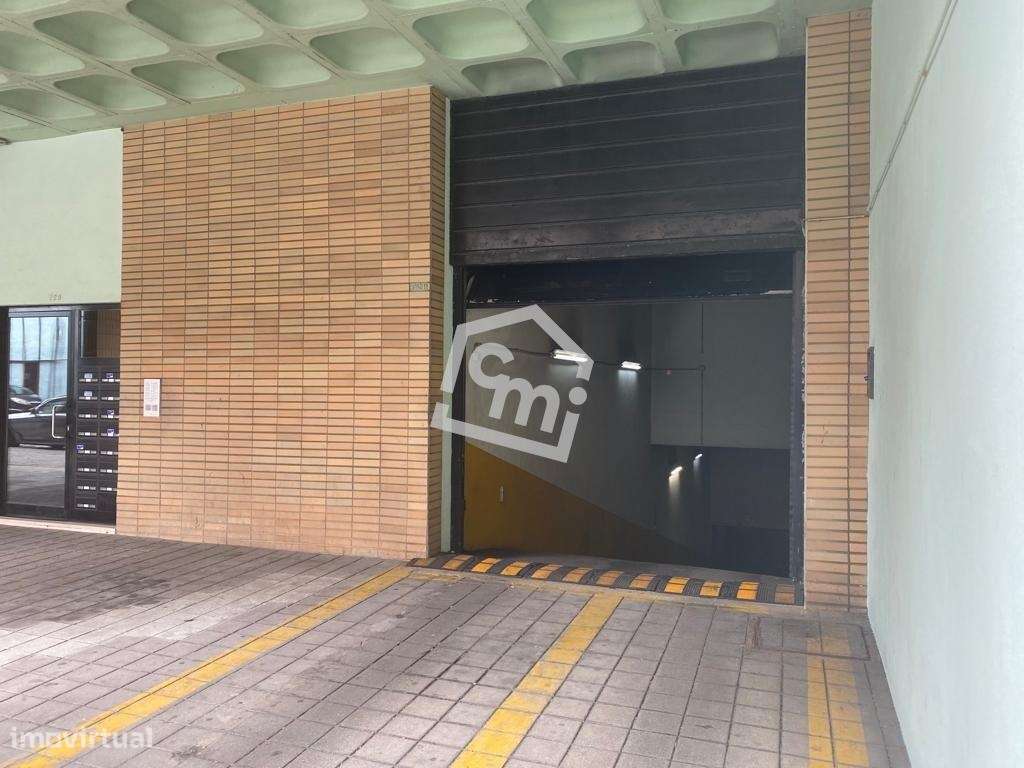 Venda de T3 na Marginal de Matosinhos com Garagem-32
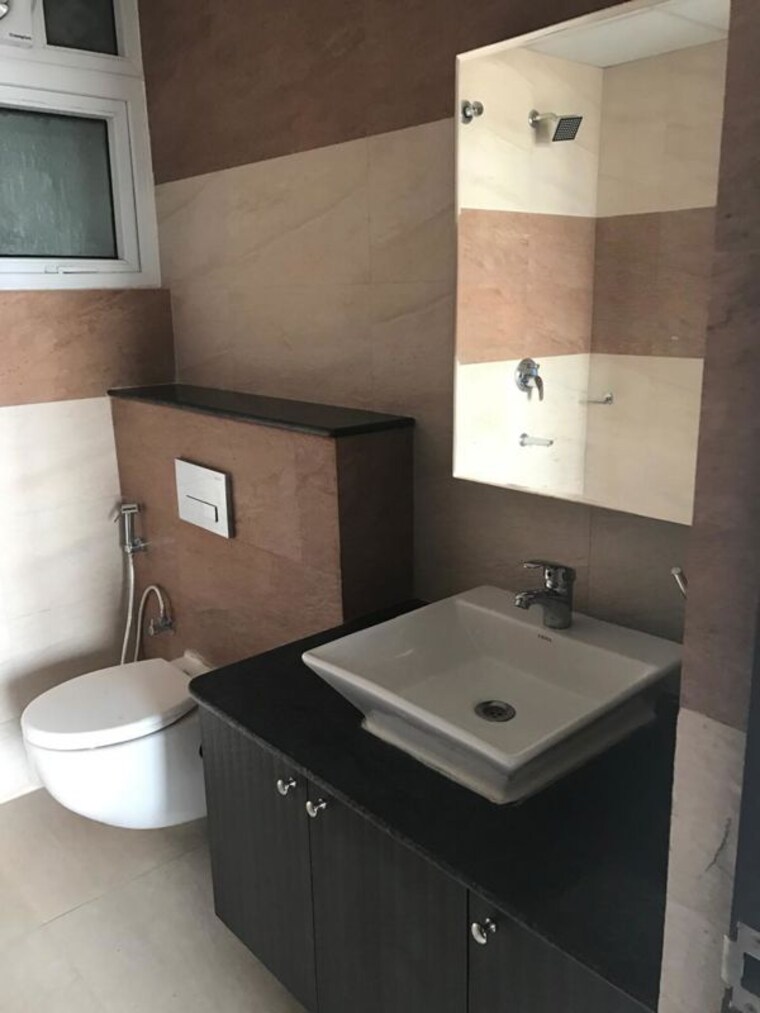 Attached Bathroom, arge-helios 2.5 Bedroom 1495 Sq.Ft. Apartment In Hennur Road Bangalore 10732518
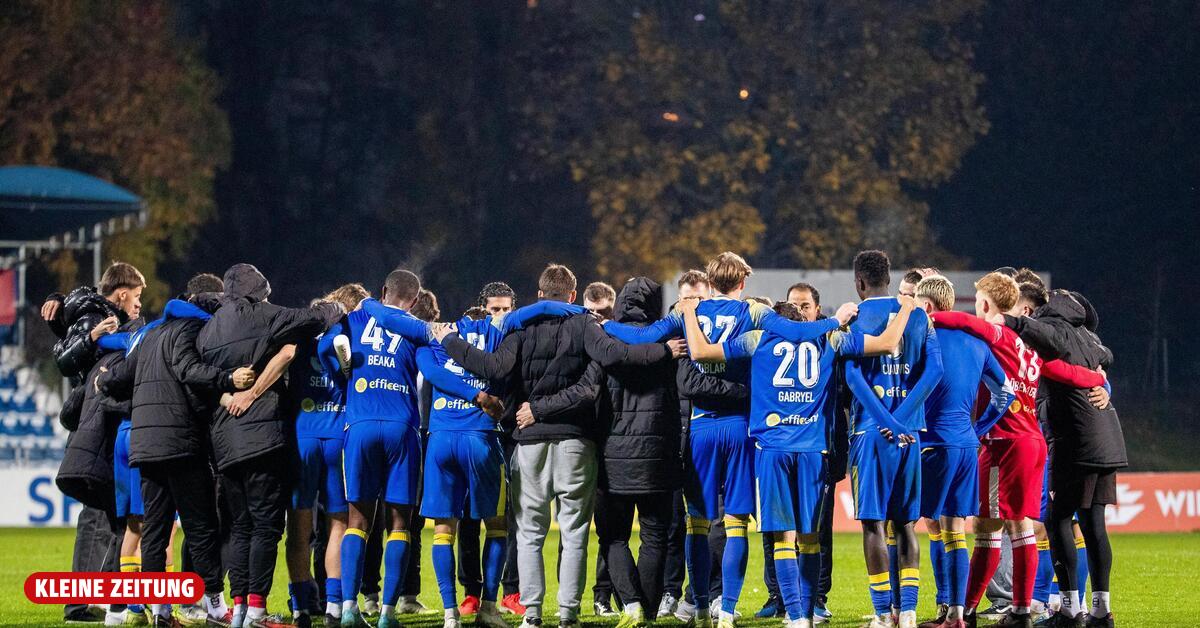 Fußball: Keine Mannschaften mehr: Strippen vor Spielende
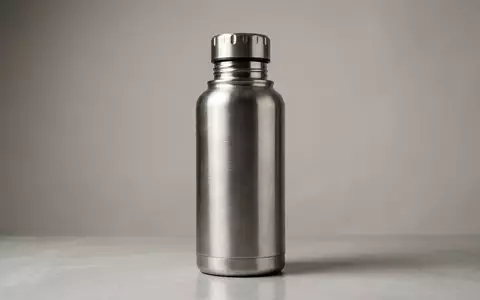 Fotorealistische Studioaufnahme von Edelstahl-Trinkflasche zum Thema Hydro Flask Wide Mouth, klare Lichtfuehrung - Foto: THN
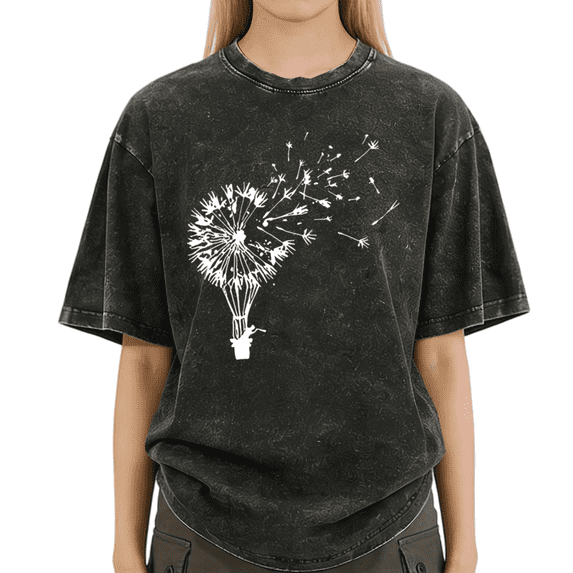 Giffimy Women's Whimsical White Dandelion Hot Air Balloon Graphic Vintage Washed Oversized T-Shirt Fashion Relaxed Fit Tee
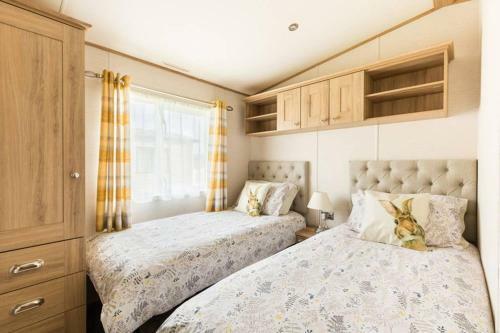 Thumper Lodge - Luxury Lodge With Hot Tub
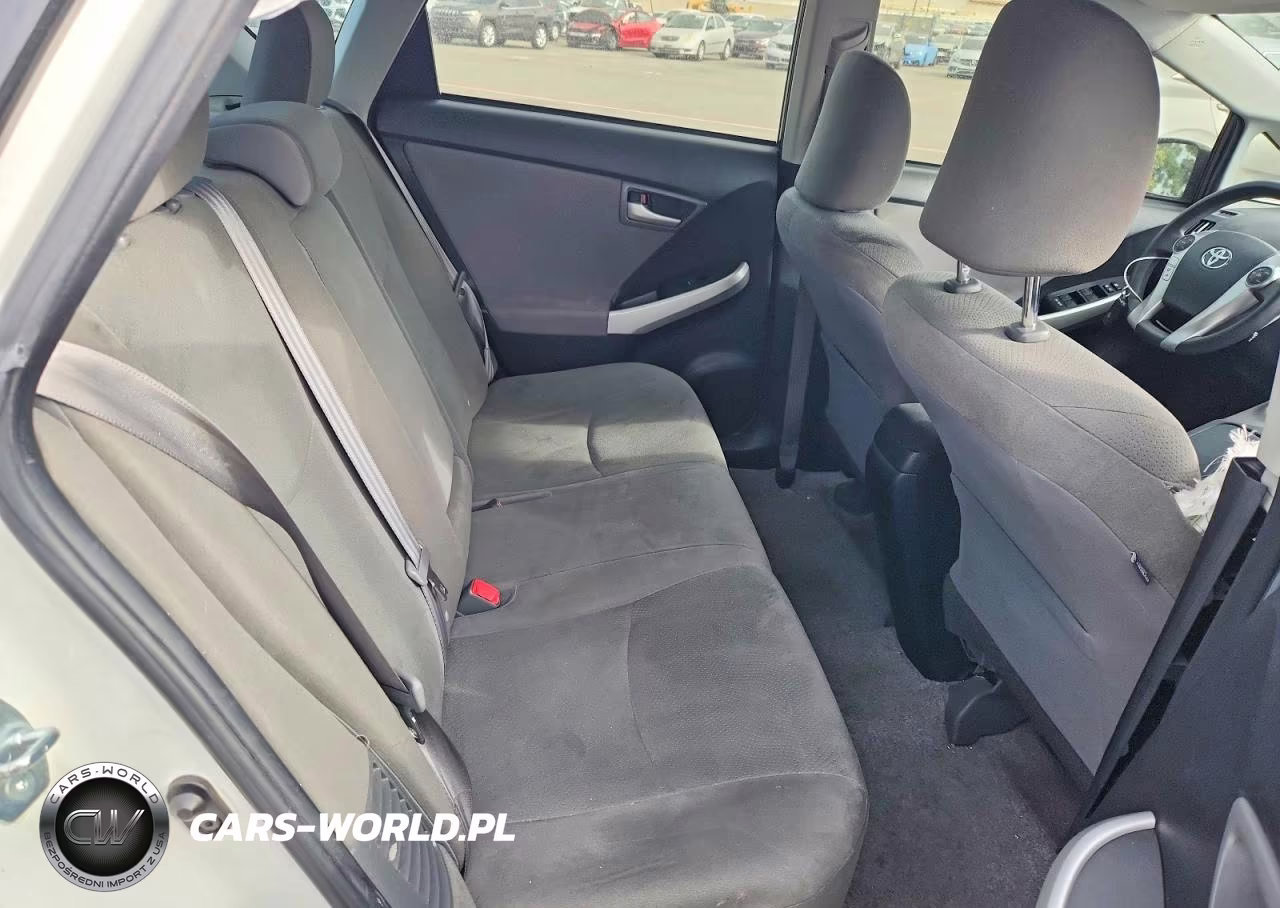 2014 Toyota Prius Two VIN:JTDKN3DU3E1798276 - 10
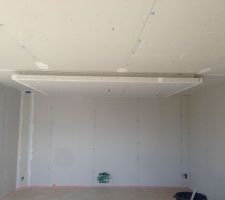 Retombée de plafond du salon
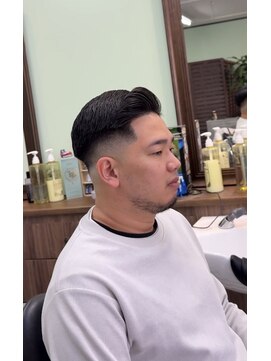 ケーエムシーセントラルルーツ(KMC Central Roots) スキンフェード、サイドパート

____________

— Work required —
Go through the data and return every word of it verbatim, leaving out the pictures.

— Exercise response —
 Venda de T3 na Marginal de Matosinhos com Garagem-32
 Attached Bathroom, arge-helios 2.5 Bedroom 1495 Sq.Ft. Apartment In Hennur Road Bangalore 10732518
 Fußball: Keine Mannschaften mehr: Strippen vor Spielende
 Fotorealistische Studioaufnahme von Edelstahl-Trinkflasche zum Thema Hydro Flask Wide Mouth, klare Lichtfuehrung - Foto: THN
 Giffimy Women's Whimsical White Dandelion Hot Air Balloon Graphic Vintage Washed Oversized T-Shirt Fashion Relaxed Fit Tee
 Thumper Lodge - Luxury Lodge With Hot Tub
 2014 Toyota Prius Two VIN:JTDKN3DU3E1798276 - 10
 Retombée de plafond du salon
 ケーエムシーセントラルルーツ(KMC Central Roots) スキンフェード、サイドパート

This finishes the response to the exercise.